Print the entire listing below word for word, excluding its pictures.

───── Available data ─────

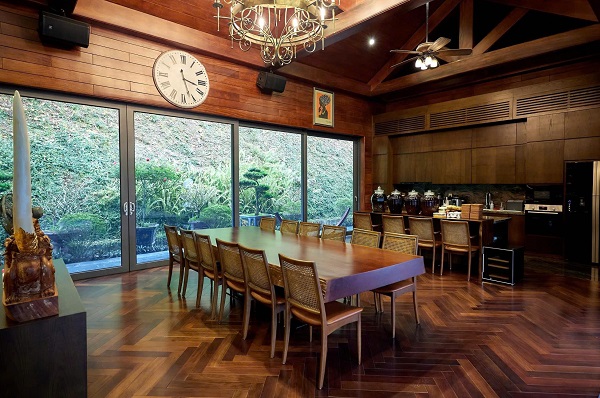 Sàn gỗ Chiu Liu lắp sàn gỗ phòng khách tầng 1
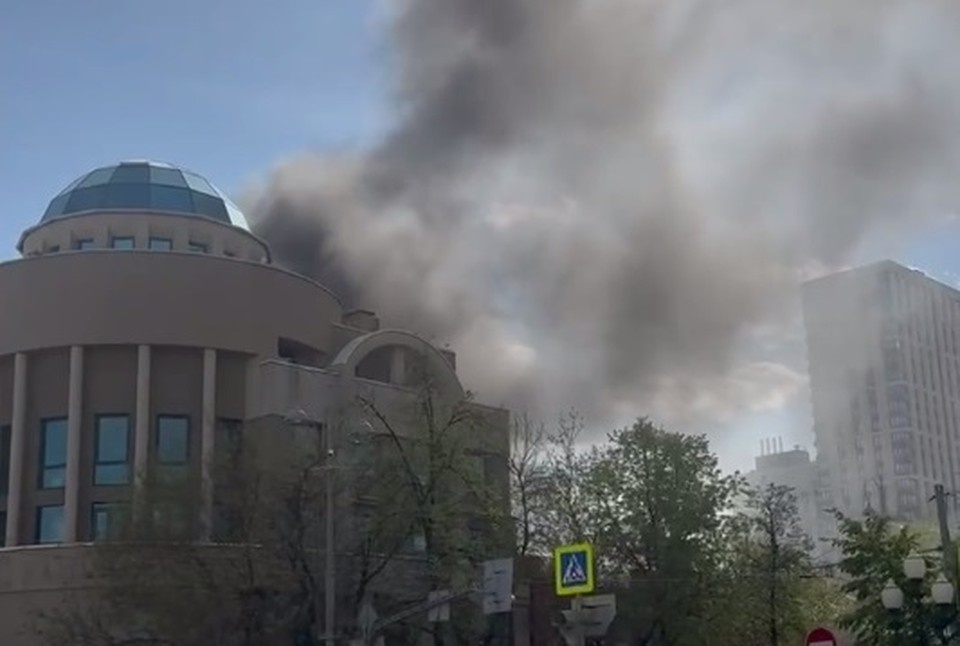    Столб дыма заметили в центре. Фото: Скриншот видео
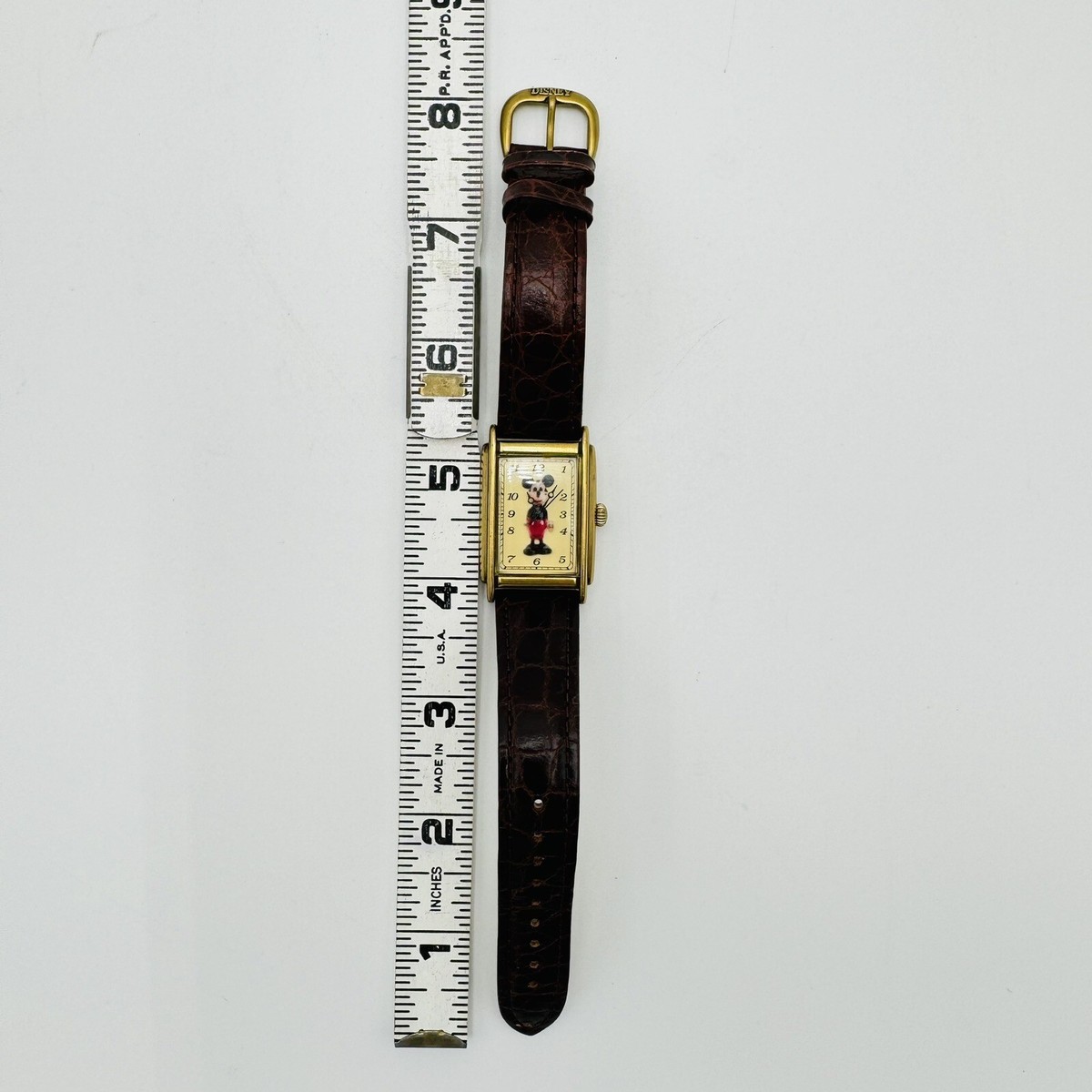 Disney Limited Edition Mickey Mouse Character Watch Mens Tank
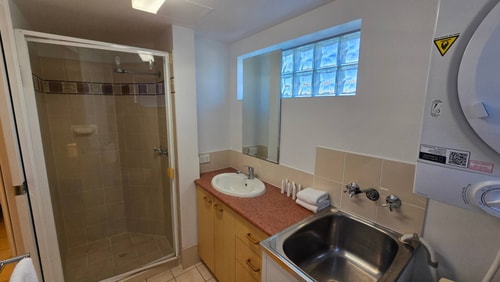 Comfy 1BR + Free Parking |  Stroll to Parklands 4 Serain Residences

─────

Output of the task ->
 Sàn gỗ Chiu Liu lắp sàn gỗ phòng khách tầng 1
    Столб дыма заметили в центре. Фото: Скриншот видео
 Disney Limited Edition Mickey Mouse Character Watch Mens Tank
 Comfy 1BR + Free Parking |  Stroll to Parklands 4 Serain Residences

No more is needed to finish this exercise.